De stekelzwam of schapenvoetje is oranjegeel van steel tot hoed, zijn vruchtvlees is bleek tot wit en heeft een subtiele en soms iets bittere smaak. Onder zijn onregelmatig gevormde beige hoed gaan stekels schuil in plaats van lamellen.

Qua smaak en kleur is de overeenkomst met cantharellen zo groot dat ze in recepten meestal wel door cantharellen kunnen vervangen worden. De stekelzwam heeft een volle smaak en een intens parfum en verliest zijn bitterheid geleidelijk bij het koken.

Deze soort doet het uitstekend bij vlees en tilt wildgerechten tot een hoger niveau. Doet het ook goed in een pangerecht, met eieren, pasta of in een risotto.

Deze paddenstoel kan je twee tot drie dagen in de groentelade van de koelkast bewaren op een temperatuur van +/- 6°C.

 

10. Eekhoorntjesbrood (cèpe, porcini, steinpilz)

In de horeca wordt deze paddenstoel 'steinpilz' (Duits), in het Frans 'cèpe' of porcini (Italiaans) genoemd. Je zal deze soort niet overal vinden in de winkels. Maar je kan de paddenstoel kopen in blik of gedroogd. Toch is het een zeer gezochte en smakelijke paddenstoel.

De smaak van gedroogd eekhoorntjesbrood is aromatisch en intens. Het is een unieke, nootachtige smaak die je er zo uithaalt.

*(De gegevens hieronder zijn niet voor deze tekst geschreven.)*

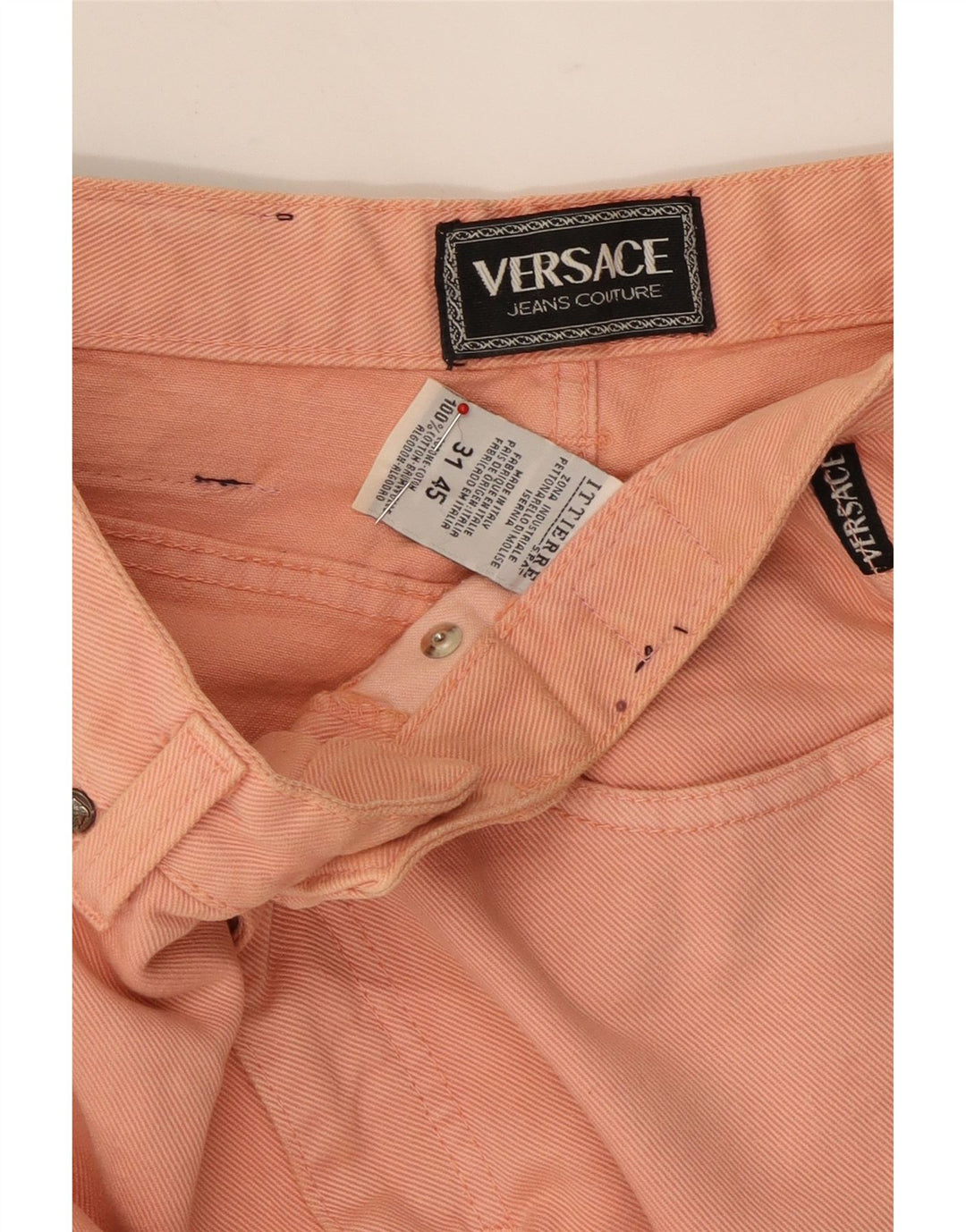 VERSACE Womens Slim Jeans W26 L32 Pink Cotton Vintage Versace and Second-Hand Versace from Messina Hembry 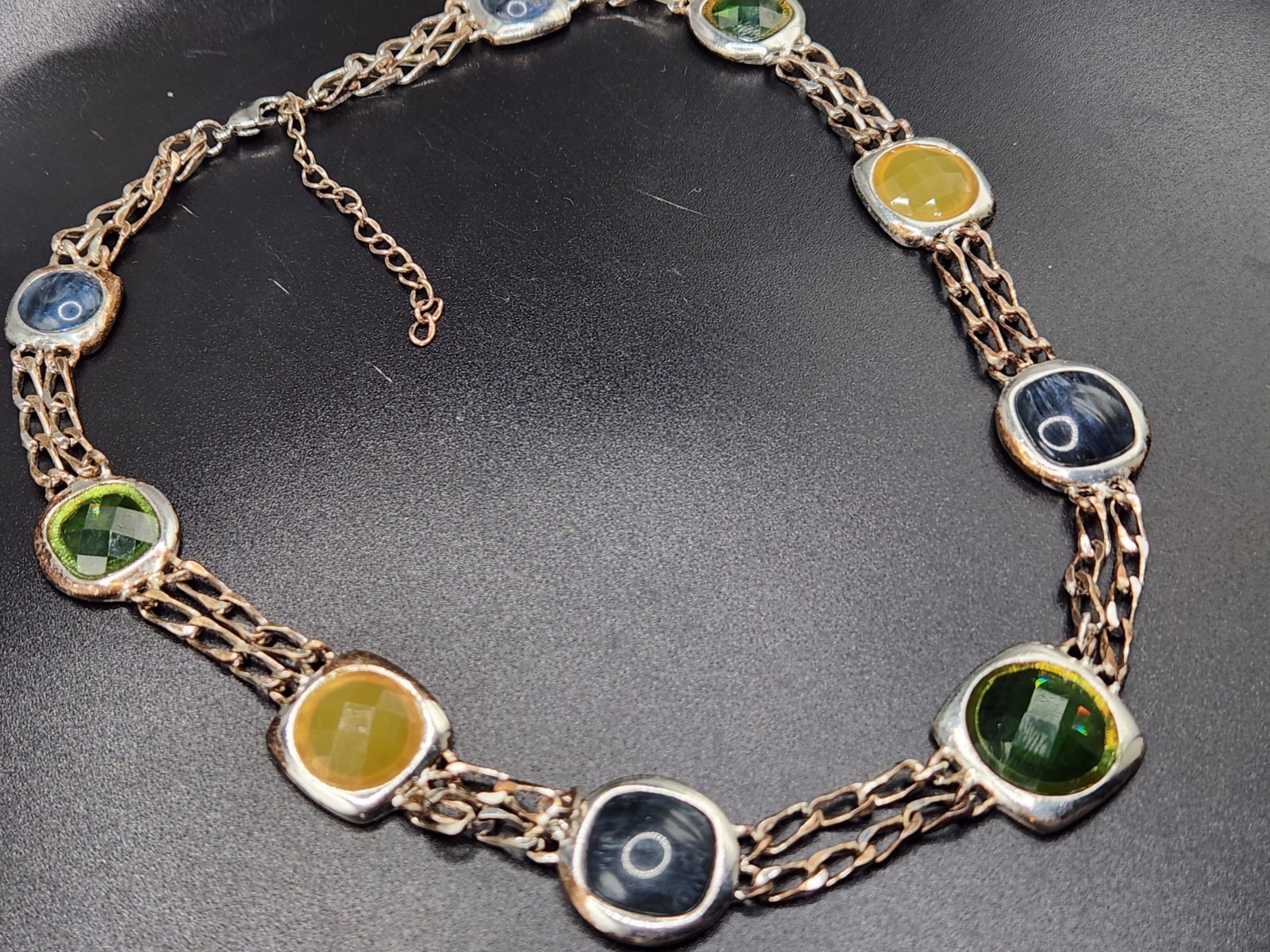 #0086 – Silver Tone Multicolor Glass Cabochon Link Necklace Green Blue Yellow…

Het is een uitstekend eetbare soort met een verfijnde smaak, die -ook in gedroogde vorm- perfect in fondue kan verwerkt worden. Past ook heel goed in combinatie met biefstuk en varkenshaas of in wokgerechten, risotto, pasta en gebakken in salades. Ook in een herfstsoep van verschillende paddenstoelen of in een roerei doet deze soort het goed.

Deze paddenstoel bewaart niet zo goed en moet zeer snel verwerkt worden. Als de paddenstoelen oud zijn, is het best om de buisjes onderaan de hoed te verwijderen want deze worden slijmerig en hebben de neiging tot vastkleven in de pan. Wil je ze toch even bewaren, leg ze dan in de koelkast, liefst verpakt maar niet langer dan 3 dagen. Bewaar gedroogde paddenstoelen in een goed afsluitbaar doosje op een koele donkere plek.

 

11. Hoorn des overvloeds

In het Frans wordt deze paddenstoel ook wel 'trompette des morts' genoemd. Hij is verwant aan de cantharel , heeft ook een trechtervormige hoed met rafelige, iets omgekrulde randen maar is donkergrijs tot diepzwart van kleur.

Het vlees van deze herfst- en winterpaddenstoel is geurig, maar minder uitgesproken van smaak dan dat van cantharellen. Hij heeft wel een kruidige smaak en  wordt vooral gebruikt om het kleureffect.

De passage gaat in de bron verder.